В это время в мировоззрении  Александра I происходят существенные изменения. «Пожар Москвы осветил мою душу, - признавался он впоследствии прусскому епископу Эйлерту, - и наполнил мое сердце теплотою веры, какой я не ощущал до тех пор. Тогда я познал Бога». По свидетельству Эдлинг, которая при этом ссылается на признания, сделанные ей самим царем, Александр I под влиянием военных неудач и падения собственной популярности от «естественной религии» переходит к «пламенной и искренней вере». «Чудные события этой страшной войны окончательно убедили его, что для народов, как и для царей, спасение и слава только в Боге».

О том, каким образом менялся  царь, сохранился подробный рассказ  непосредственного наблюдателя  и инициатора этого обращения - князя  А. Н. Голицына.
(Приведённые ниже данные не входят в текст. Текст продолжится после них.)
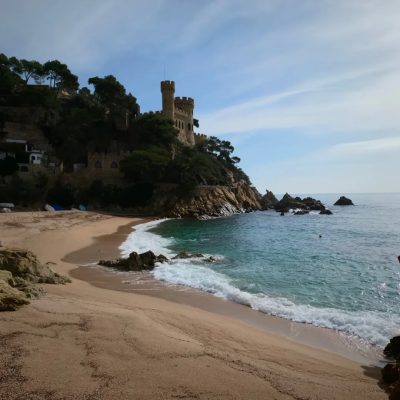 Lloret de Mar Beach в феврале — фото погоды (2026-02-18)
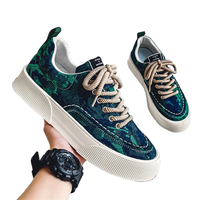 Nouvelles chaussures de marche décontractées pour hommes, respirantes, souples, baskets de sport, semelles épaisses tendance, cuir verni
Голицын, приписывающий  себе главную роль в обращении  царя, рассказал о том, что Александр I, руководимый им в первоначальном чтении Священного Писания, сразу же пошел не тем путем, который рекомендовал ему Голицын. Рекомендации заключались в том, «чтобы он пока приостановился еще читать Ветхий Завет, а читал бы только одно Евангелие и Апостольские послания. Тайное мое побуждение, давая этот совет государю, - продолжает Голицын, - состояло в том, чтобы сердце Александра I напиталось и прониклось сперва мудрою простотою учения Евангельского, а потом уже приступило бы это дорогое для меня сердце к восприятию в себе и более крепкой пищи ветхозаветных обетований и символов».

Однако с самого начала Александра I заинтересовало не столько Евангелие, сколько Апокалипсис и Ветхий Завет. По прошествии некоторого времени, выражая свое восхищение Новым Заветом, Александр I не удержался и сказал Голицыну: «Меня очень соблазняет твой Апокалипсис; там, братец, только и твердят об одних ранах и зашибениях». Да и в самом Новом Завете царя, видимо, в первую очередь интересовали отсылки к Ветхому. «Знаешь ли, - продолжал князь, - каким образом приступил Александр I к чтению Ветхого Завета? Причина сего побуждения очень замечательна. Однажды Государь в Новом Завете вычитал сие знаменитое Послание Апостола Павла, где так подробно говорится о плодах веры, как она, эта вера, низлагает врагов внешних, как побеждает миром силы супротивные. В сем послании указывается и на Ветхий Завет, где апостол берет из оного сильные и блестящие уподобления. Государь вдруг пожелал напитать себя чтением и Ветхого Завета, напитать себя прежде, чем разразилось над ним и государством то страшное испытание, которое грозно к нему приближалось». Голицын, как видимо, относит обращение Александра I к предвоенному времени и, как бы забывая об авторстве Шишкова, указывает на «те достопамятные воззвания и манифесты, в которых твердость благородного и великодушного духа невольно обличала в нем христианский строй сердца».